Для этого был сделан разрез от 1.6 до 2.4 проекции отсутствующих зубов вдоль вершины альвеолярного отростка верхней челюсти (рис. 11).

Лоскут на вестибулярной стороне отделялся до уровня переходной складки. Острые края лоскута были удалены костными сверлами и выровнены бормашиной (рис. 12).

Лоскут укладывается и закрепляется швами (рис. 13).

Оценка клинического состояния протезного ложа до и после реконструктивной операции выявила значительные положительные изменения клинического состояния (рис. 14).

После реабилитационного периода пациентка прошла ортопедическое лечение съемным полным протезом. Стабилизация и фиксация протеза к опорным тканям ложа верхней челюсти соответствовала необходимым требованиям.

Поэтому предоперационная подготовка беззубых челюстей с костным выступом и неравномерной атрофией альвеолярного отростка улучшает качество ортопедической хирургии и сокращает период адаптации к съемным полным протезам.

Использование внутриротовых аутотрансплантатов из места острой экстракции удаленных зубов, сколотых до консистенции крошки, для замещения костной ткани, безусловно, перспективно.

Костная пластика: осложнения

Костная пластика для зубных имплантатов — мнения зависят от точности выполнения хирургом хирургической техники. Любое отклонение от хирургической техники, скорее всего, приведет к неудаче или даже отторжению пересаженной кости. Кроме того, в большинстве случаев многое зависит от качества используемого костного материала — мембраны.

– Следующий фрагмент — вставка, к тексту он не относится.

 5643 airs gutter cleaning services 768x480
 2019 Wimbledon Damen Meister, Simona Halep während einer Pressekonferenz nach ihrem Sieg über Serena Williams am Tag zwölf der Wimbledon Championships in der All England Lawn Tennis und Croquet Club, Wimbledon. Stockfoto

Оба хирургических метода могут обнажить мембрану через линию шва, что во многих случаях приводит к гнойному воспалению раны. Использование методов костной пластики с недостаточной васкуляризацией может привести к секвестрации (отторжению) участков костного блока или всего костного блока.

Кроме того, при использовании костных блоков происходит потеря объема костного блока во время интеграции тканей, что может быть критичным и потребовать дополнительной операции, иногда до 50%. Кроме того, из-за недостаточной интеграции приживленного костного блока в собственную костную ткань челюсти приживленный костный блок может оторваться (во время прикручивания имплантата на втором этапе).

Важно для курильщиков: трансплантация челюстной кости (как и сами имплантаты) является относительным противопоказанием для курильщиков, особенно для заядлых курильщиков. Это связано с тем, что никотин приводит к сильному сужению просвета кровеносных сосудов в тканях полости рта, что резко снижает приток крови к костному трансплантату или имплантату.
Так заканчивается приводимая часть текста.